Figure 12.4. Anconeus epitrochlearis muscle. Transverse 12.5 MHz ultrasound image of the cubital tunnel shows the anconeus epitrochlearis (AE) forming the roof of the condylar groove between the medial epicondyle (ME) and the olecranon (OI). Arrow indicates the ulnar nerve.

In the ankle, the flexor digitorum accessorius longus crosses the tarsal tunnel deep to the flexor retinaculum. The close relationship with the tibial nerve may explain the relatively high prevalence (12.2%) of this accessory muscle in patients with tarsal tunnel syndrome.15






Figure 12.5. Accessory abductor digiti minimi muscle. Transverse 17-5 MHz ultrasound image of the Guyon tunnel, showing the (AADM) lateral to the pisiform (Pis) and superficial to the ulnar neurovascular bundle, ulnar nerve (large arrow), and ulnar artery (thick arrow).
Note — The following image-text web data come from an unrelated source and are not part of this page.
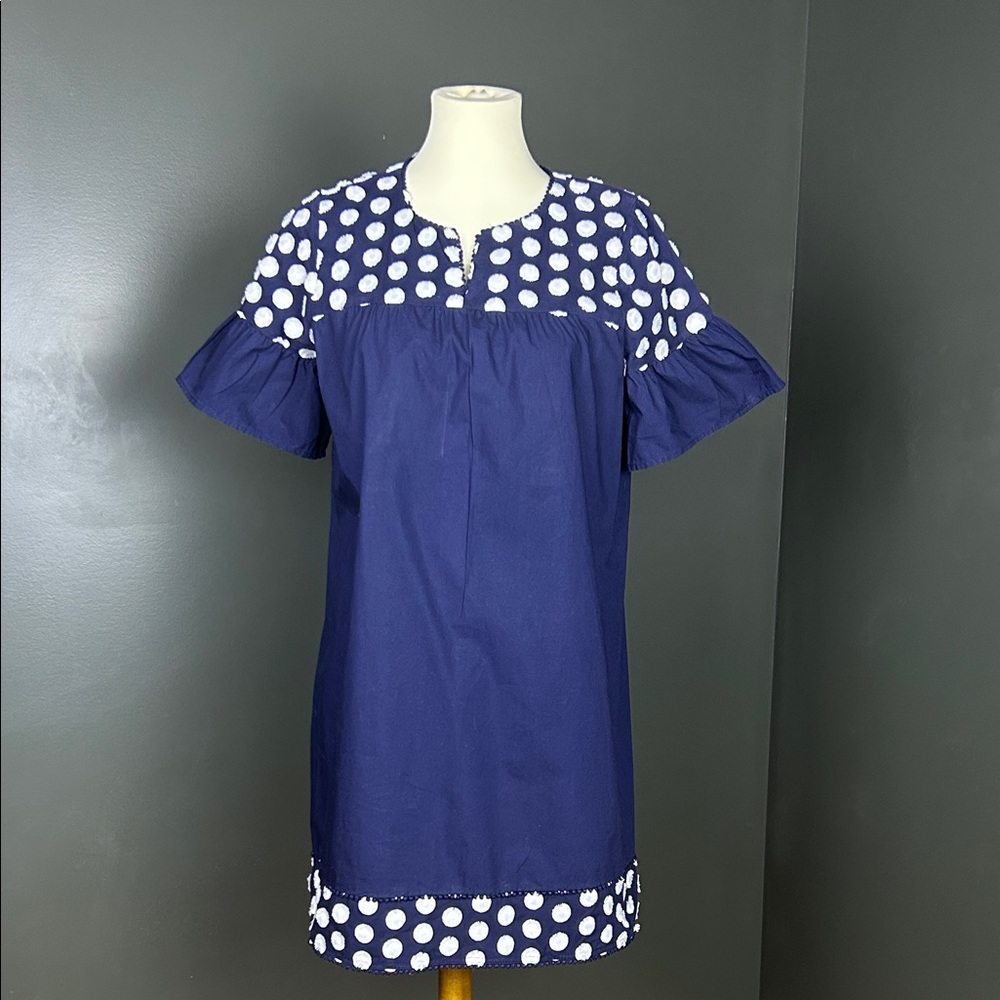J. Crew Blue Dress with White Polka Dots Embroidery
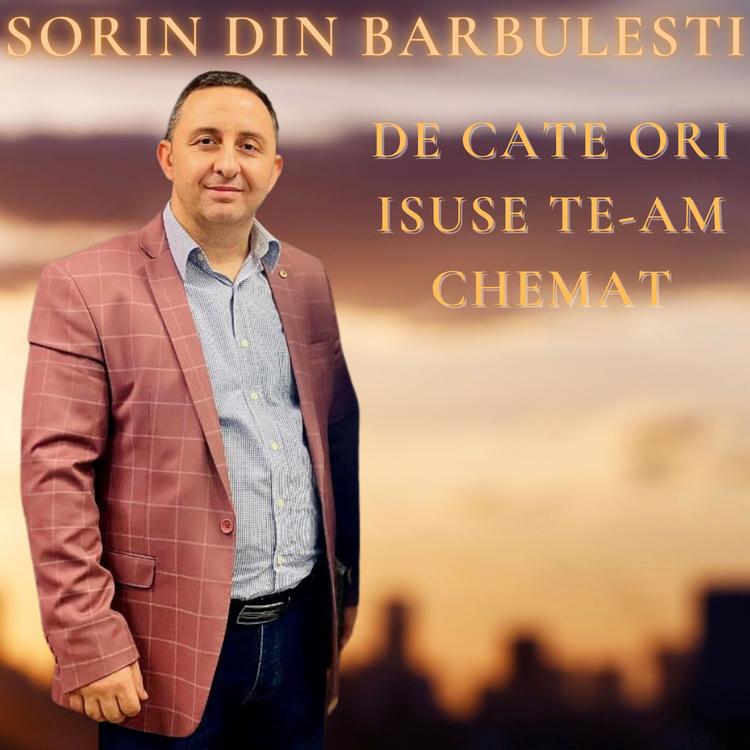 Sorin din Barbulesti's avatar image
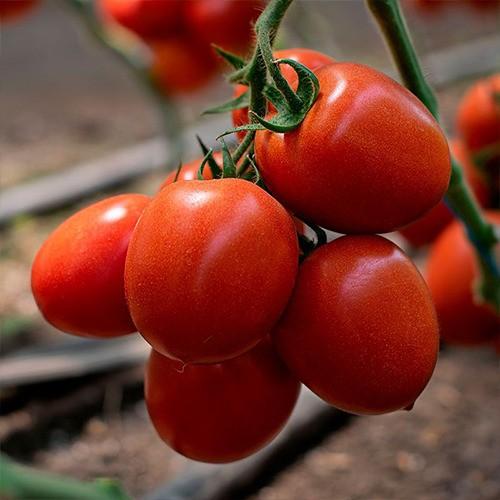 Seminte de rosii Kitano Seeds KS 3819 F1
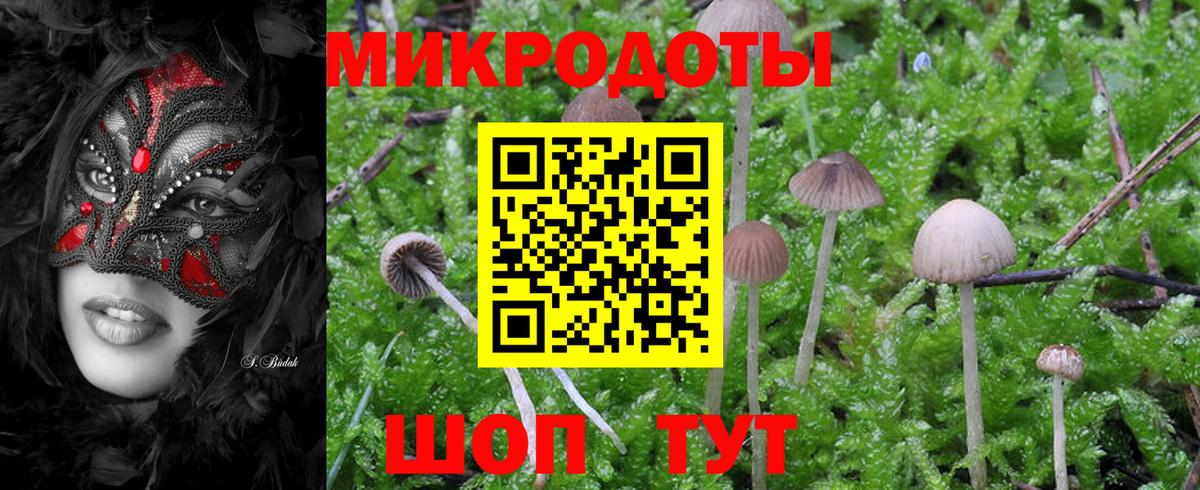 Псилоцибиновые грибы мухоморы  Вход с VPN  Магадан 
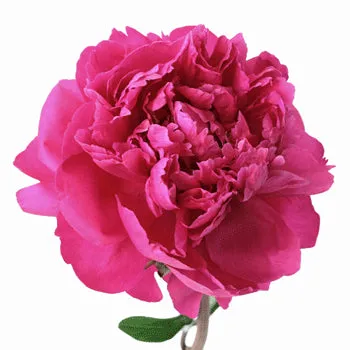 Hot Pink Peonies for June Delivery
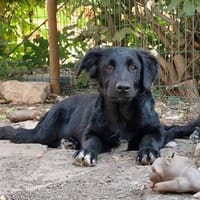 Crow,  hübsche Border Collie / Retriever Mix Rüde, Hund zur Adoption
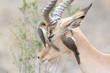 Red-billed oxpecker (Buphagus erythrorhyncus) feeding on impala (Aepyceros melampus), Kruger National Park, South Africa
Congenital absence of retinacula at osteofibrous tunnels may cause nerve instability during joint motion. In ulnar nerve instability at the elbow, dynamic scanning during elbow flexion can show anterior dislocation of the nerve over the medial epicondyle (Fig. 12.6) (16). This may be associated with dislocation of a prominent medial head of the triceps muscle (snapping triceps syndrome).16




COMPRESSIVE NEUROPATHIES

Entrapment neuropathies are usually the result of chronic or dynamic compression of nerves in fibro-osseous or fibromuscular tunnels. Tunnels have rigid walls and accessory muscles, ganglia, osteophytes and other space-occupying lesions elevate pressure in the tunnel and compress the nerve. Compression at other sites, for example, by scarring, is less common. Chronic compression results in ischemia, Wallerian degeneration, and fibrosis of the nerve and motor and sensory disturbances. Identifying the site of the lesion depends on precise anatomical knowledge. Neurophysiological studies are often helpful but have a significant false-negative rate. Magnetic resonance imaging can show entrapment and downstream effects such as denervation changes in muscle.17,18,19 Although possibly less sensitive to denervation changes than MR imaging, ultrasound has high spatial resolution and can provide excellent detail of tunnels and their contents, including nerve morphology.
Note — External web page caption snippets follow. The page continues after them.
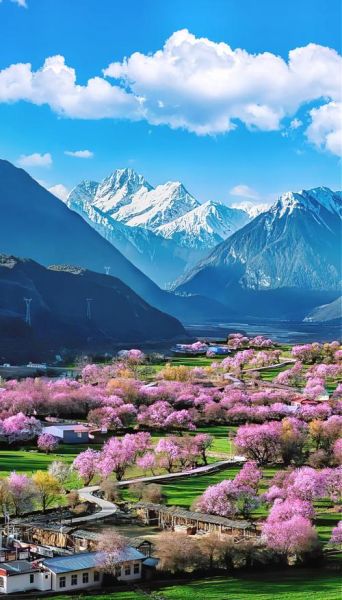 林芝旅游最佳时间_林芝海拔多少米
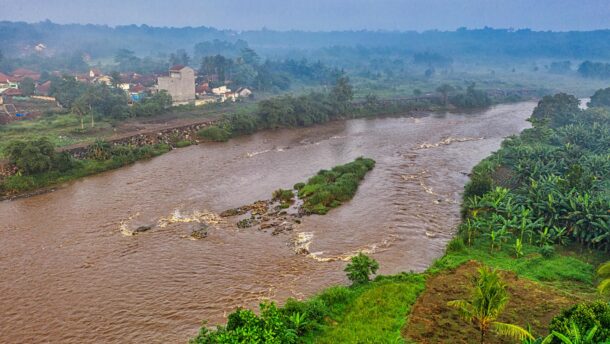 brown river surrounded by trees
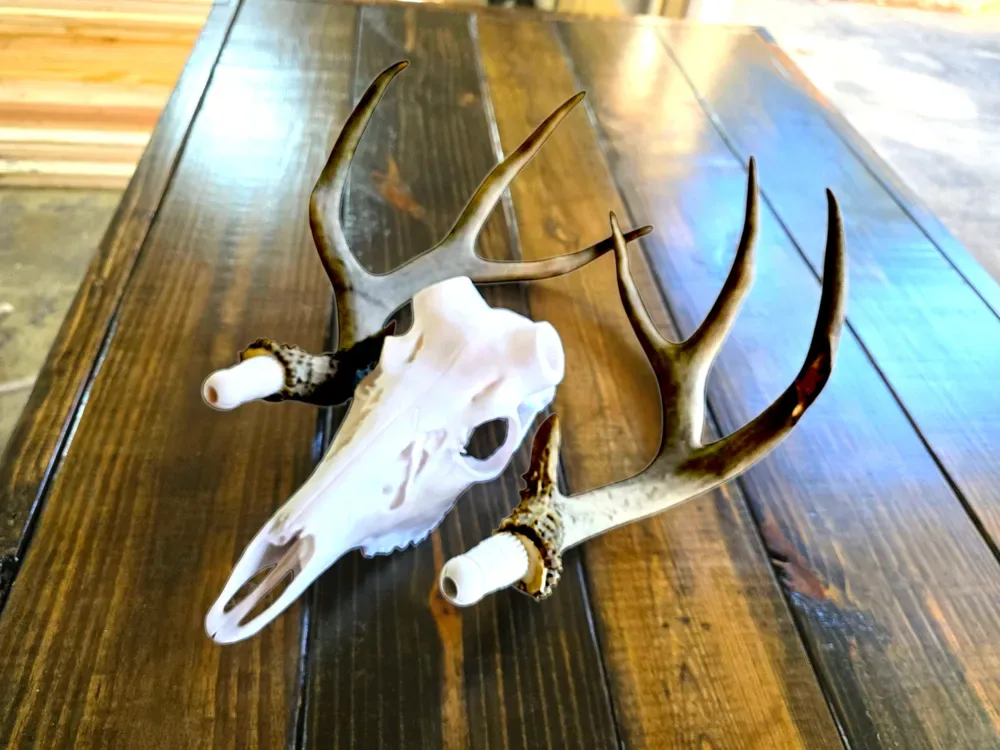 Venado cola blanca XL - Cráneo de asta de ancla de bala, vista 3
On the basis of ultrasound assessment, nerve compressive syndromes can be grouped into three main classes.

Class-1 includes large nerves (e.g., median, ulnar, peroneal, and tibial) that are easily imaged by ultrasound at the compression site using conventional transducers (probe frequency up to 13 MHz). Assessment is based on pattern recognition and, for the carpal and cubital tunnels, nerve cross-sectional area (CSA) with diagnostic performance nearly equivalent to MR imaging.

Class-2 includes small (caliber <2 mm) nerves (e.g., posterior and anterior interosseous, musculocutaneous, sural, and distal divisional branches of large nerves) that require high-end equipment and higher frequency probes (up to 18 MHz). The diagnosis relies exclusively on pattern recognition because the nerves are too small for CSA measurements. There is no objective evidence comparing the performance of ultrasound and MR imaging in depicting pathology of these nerves, but in our opinion, ultrasound with an appropriate transducer in experienced hands often seems to be superior to MR imaging. Compared with MR imaging, the main advantage of ultrasound is its ability to distinguish distal nerves from vessels. The frequent absence of denervation changes, because many distal nerve branches are purely sensory, is a major disadvantage of MR imaging.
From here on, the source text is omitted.